Los detenidos habrían recibido información interna de las propias empresas afectadas, como horarios de entrega de mercancías, inventarios recién llegados y rutas de transporte, lo que les permitía llevar a cabo los robos de manera más precisa. Esta estrategia les ayudó a minimizar los márgenes de error en sus delitos, al actuar con información confidencial sobre la operación y logística de las empresas.
Las detenciones se realizaron tras casi un año de investigación, que terminó con cerca de 26 allanamientos autorizados por el 2° Juzgado de Garantía de Santiago. En esos operativos se arrestó a tres individuos relacionados con la banda, además de otro que fue atrapado en el acto, llevando dos armas de fuego, alrededor de 300 municiones y drogas.

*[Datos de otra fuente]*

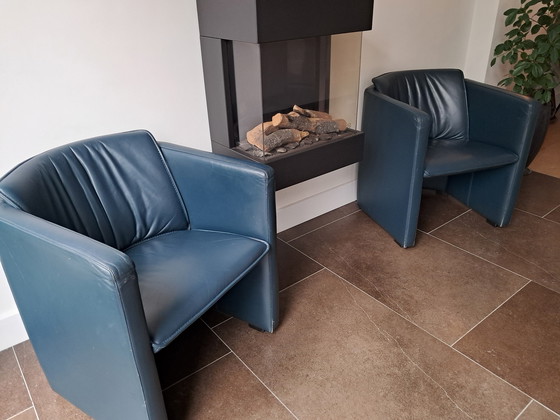 Image 1 of 2 leather armchairs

Las víctimas de los robos incluían ópticas, farmacias y locales en strip centers de comunas como Lampa, Conchalí, Quilicura, Vitacura y Las Condes. Los delincuentes usaban autos clonados, inhibidores de señal y «miguelitos» para dificultar su captura. Un hallazgo clave en la investigación fue un celular que encontraron abandonado en un auto, lo que permitió a los detectives rastrear e identificar conexiones entre los miembros de la banda.
El fiscal Sebastián Gana, de la Fiscalía Centro Norte, comentó que esta operación nació a partir de esas indagaciones, confirmándose que los involucrados organizaban los robos usando información confidencial de las empresas atacadas. Por su parte, el prefecto de la PDI, Marco Ramírez, agregó que esta banda no solo se dedicaba a asaltar, sino que también vendía lo robado para financiar otras actividades delictivas, incluido el narcotráfico.
Hasta ahora, las investigaciones siguen para identificar a otros posibles implicados, sobre todo a empleados o colaboradores internos que podrían estar facilitando el acceso a información sensible. Las autoridades recalcan que el circuito delictivo se origina desde dentro de las empresas, con filtraciones internas que permiten estos delitos. Así, las personas con acceso privilegiado pueden ser el eslabón más peligroso de toda esta cadena criminal.